In September, the University of California, San Diego announced the adoption of technology provided by Doximity Dialer and Epic Haiku. According to a news release, UCSD Medical's adoption of the technology "will allow doctors to quickly and conveniently access patient records and communicate with patients directly from their cellphones."
The mistake I made at my last company was thinking that an IPO was really this endpoint, this light at the end of a tunnel.
The reality is that going public was fine, but it was actually more fun building the company with the team. And I probably didn’t take enough time along the way there to celebrate the milestones and the achievements of building something together with that great group.
You don’t have to have all the answers.
Enjoy the mini journeys. You’ve heard a lot of people say, “Enjoy the journey,” which is true. Life is a journey and you should enjoy it along the way.
You don’t have to have all the answers, I think that’s the simplest thing. And in fact, I think it empowers the team and you’re better as a team and as a company when you don’t have your answer and you put your biggest problem out there for the team to solve.
At Doximity, we do a series of tough problem competitions where teams of eight people, over a three month period, try to solve our hardest problems. And the answers that they come up with usually go well beyond what I would have come up with. It’s always better when the whole team can roll up their sleeves to solve the toughest problems.

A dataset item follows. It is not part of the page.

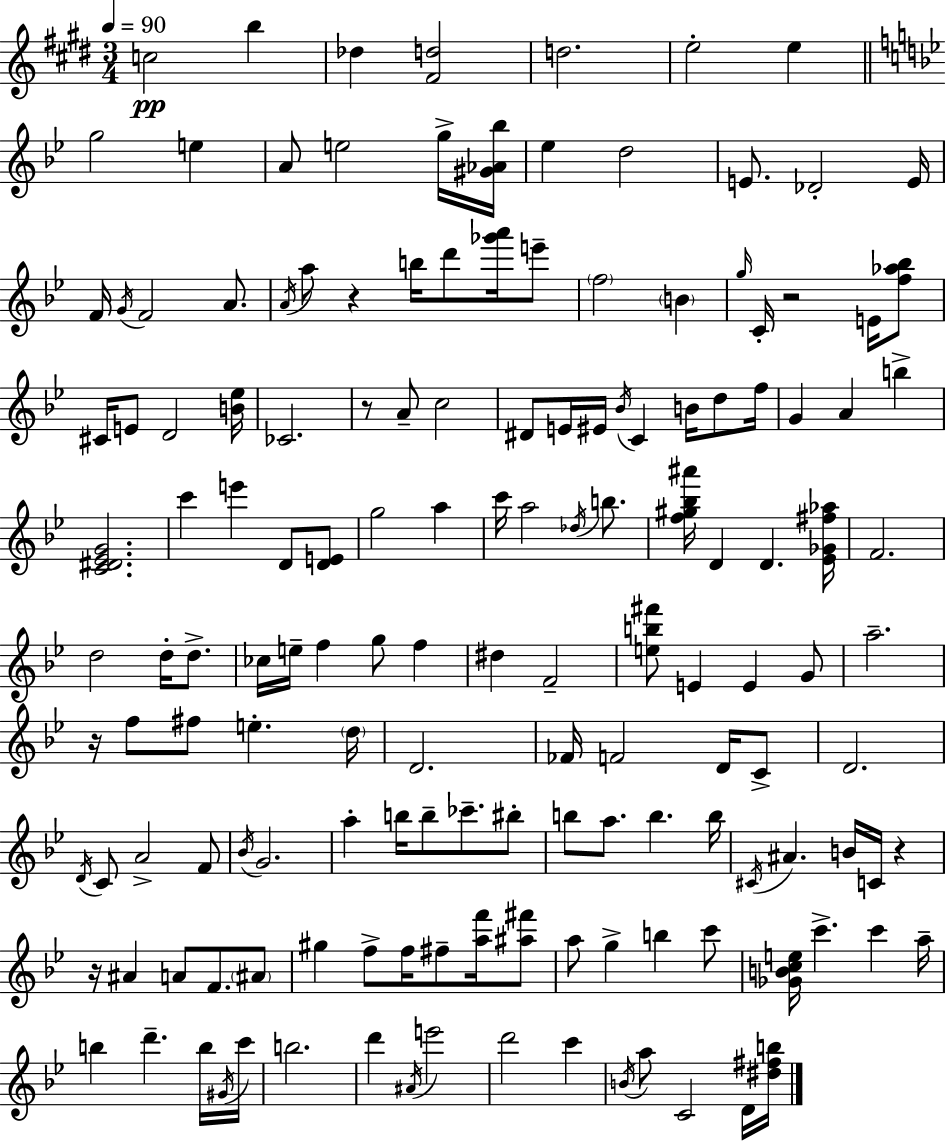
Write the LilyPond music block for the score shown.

One of the most important features of our site is letting doctors connect with other doctors that they refer to, that they share patients with. So we have this "People You May Know" feature that shows them photos of other doctors that they may want to connect with. We wanted our doctors to find more of those people they can connect with, and we were averaging about 20 connections per doctor. We set up four different teams to go through and try to improve the people we were suggesting to them.
In the end, it was our machine learning team that won. The machines found all sorts of hidden connections — mainly around actual government data that had been published on who shares patients with the other. But also other hidden little things. For example, we didn’t know it, but Johns Hopkins and Harvard grads tend to know each other because they do a spring ball together. That type of thing. So in the end they ended up increasing the number of connections per doctor to 55, which has been terrifically helpful for the company. But they discovered things along the way there that we would have never discovered on our own.